Segment Start: Listed entries
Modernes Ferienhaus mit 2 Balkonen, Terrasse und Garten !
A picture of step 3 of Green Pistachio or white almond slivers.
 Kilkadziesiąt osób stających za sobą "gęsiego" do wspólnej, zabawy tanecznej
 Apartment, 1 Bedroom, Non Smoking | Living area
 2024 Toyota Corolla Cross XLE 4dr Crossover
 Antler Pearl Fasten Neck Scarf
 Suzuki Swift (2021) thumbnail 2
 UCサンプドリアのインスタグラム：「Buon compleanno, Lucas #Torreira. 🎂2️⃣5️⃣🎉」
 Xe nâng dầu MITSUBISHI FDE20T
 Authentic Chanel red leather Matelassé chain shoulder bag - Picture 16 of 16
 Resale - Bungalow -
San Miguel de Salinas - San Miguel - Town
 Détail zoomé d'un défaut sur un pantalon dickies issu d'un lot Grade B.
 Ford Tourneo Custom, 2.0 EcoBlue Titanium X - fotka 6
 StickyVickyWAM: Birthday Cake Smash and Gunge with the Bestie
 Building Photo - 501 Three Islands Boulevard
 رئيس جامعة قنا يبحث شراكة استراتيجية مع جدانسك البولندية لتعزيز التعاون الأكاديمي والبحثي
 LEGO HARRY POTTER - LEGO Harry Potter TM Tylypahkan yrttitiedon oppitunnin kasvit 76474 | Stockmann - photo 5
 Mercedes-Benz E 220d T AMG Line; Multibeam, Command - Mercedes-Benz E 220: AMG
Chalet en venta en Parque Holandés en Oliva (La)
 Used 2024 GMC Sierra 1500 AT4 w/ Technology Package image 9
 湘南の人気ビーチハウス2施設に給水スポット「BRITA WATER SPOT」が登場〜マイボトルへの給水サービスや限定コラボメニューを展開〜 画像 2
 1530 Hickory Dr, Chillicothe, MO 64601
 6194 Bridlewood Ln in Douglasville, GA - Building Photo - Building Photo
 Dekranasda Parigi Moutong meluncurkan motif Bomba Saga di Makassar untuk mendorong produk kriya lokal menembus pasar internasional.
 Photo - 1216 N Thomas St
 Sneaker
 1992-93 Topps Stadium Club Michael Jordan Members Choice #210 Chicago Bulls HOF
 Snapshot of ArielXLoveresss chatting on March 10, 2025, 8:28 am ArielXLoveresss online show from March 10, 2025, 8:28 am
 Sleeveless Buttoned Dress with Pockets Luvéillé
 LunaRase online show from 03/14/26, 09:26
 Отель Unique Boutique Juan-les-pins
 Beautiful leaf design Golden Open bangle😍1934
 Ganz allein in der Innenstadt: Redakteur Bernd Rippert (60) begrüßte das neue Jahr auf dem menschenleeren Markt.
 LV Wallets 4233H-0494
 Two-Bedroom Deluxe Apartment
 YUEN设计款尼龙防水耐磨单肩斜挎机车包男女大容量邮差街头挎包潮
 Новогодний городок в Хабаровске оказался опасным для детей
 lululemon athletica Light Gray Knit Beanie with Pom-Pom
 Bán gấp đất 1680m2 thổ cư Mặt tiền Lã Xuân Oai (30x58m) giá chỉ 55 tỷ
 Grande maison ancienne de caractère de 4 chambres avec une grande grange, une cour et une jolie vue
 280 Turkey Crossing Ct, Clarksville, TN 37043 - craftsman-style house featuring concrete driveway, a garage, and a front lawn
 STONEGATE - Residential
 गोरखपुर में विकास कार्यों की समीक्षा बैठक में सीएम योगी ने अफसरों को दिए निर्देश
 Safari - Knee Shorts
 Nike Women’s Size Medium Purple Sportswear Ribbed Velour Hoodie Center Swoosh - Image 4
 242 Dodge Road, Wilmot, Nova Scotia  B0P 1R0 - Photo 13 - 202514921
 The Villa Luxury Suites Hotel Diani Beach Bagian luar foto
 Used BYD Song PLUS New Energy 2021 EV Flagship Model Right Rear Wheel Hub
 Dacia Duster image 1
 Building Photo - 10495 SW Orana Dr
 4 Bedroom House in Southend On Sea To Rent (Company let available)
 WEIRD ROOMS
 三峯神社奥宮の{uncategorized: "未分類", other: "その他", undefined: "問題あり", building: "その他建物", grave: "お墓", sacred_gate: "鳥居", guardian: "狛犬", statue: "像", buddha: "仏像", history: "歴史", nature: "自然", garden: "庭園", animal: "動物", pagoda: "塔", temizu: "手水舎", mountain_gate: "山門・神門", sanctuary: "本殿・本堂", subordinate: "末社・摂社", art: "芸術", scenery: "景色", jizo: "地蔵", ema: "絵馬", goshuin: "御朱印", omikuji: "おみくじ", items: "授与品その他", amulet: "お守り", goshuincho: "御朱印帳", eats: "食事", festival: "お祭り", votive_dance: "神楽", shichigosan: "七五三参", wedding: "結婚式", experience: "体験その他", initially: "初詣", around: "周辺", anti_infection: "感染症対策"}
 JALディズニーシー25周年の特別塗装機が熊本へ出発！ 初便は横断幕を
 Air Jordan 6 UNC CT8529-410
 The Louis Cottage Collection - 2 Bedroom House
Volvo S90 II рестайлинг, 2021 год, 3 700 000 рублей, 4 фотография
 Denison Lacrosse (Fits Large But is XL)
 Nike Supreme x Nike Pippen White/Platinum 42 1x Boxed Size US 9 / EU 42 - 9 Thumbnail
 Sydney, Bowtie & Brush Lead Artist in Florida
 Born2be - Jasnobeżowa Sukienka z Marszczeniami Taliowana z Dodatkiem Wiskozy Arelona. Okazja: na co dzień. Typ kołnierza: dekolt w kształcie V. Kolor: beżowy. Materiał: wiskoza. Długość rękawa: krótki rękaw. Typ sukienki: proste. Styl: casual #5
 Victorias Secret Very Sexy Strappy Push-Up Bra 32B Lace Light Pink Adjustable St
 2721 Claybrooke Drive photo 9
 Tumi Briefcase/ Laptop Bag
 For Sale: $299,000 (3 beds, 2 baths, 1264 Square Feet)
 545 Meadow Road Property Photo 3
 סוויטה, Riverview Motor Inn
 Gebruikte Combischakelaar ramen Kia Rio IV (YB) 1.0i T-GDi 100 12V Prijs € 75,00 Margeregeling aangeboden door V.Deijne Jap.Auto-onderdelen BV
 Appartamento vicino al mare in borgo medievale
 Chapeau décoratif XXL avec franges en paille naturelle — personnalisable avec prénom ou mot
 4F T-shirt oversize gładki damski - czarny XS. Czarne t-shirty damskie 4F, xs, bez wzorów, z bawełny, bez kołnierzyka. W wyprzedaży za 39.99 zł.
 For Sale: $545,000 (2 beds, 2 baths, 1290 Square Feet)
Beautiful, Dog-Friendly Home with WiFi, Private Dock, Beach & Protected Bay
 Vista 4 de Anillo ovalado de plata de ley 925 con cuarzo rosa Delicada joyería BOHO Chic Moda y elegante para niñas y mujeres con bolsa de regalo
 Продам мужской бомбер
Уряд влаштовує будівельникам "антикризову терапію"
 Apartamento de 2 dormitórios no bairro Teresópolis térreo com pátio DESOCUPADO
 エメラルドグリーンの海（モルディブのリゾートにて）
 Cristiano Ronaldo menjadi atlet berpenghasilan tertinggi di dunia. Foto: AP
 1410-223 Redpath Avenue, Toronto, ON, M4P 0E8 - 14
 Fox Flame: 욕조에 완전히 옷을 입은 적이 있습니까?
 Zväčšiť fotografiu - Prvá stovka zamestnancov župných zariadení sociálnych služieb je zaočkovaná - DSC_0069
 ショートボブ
Segment End: Listed entries
» Requirement:
Each line above from the one with "Chapeau décoratif XXL" up to and including the one with "Vista 4 de Anillo" must be set down exactly, and no line outside that span may appear.

» Solution:
 Chapeau décoratif XXL avec franges en paille naturelle — personnalisable avec prénom ou mot
 4F T-shirt oversize gładki damski - czarny XS. Czarne t-shirty damskie 4F, xs, bez wzorów, z bawełny, bez kołnierzyka. W wyprzedaży za 39.99 zł.
 For Sale: $545,000 (2 beds, 2 baths, 1290 Square Feet)
Beautiful, Dog-Friendly Home with WiFi, Private Dock, Beach & Protected Bay
 Vista 4 de Anillo ovalado de plata de ley 925 con cuarzo rosa Delicada joyería BOHO Chic Moda y elegante para niñas y mujeres con bolsa de regalo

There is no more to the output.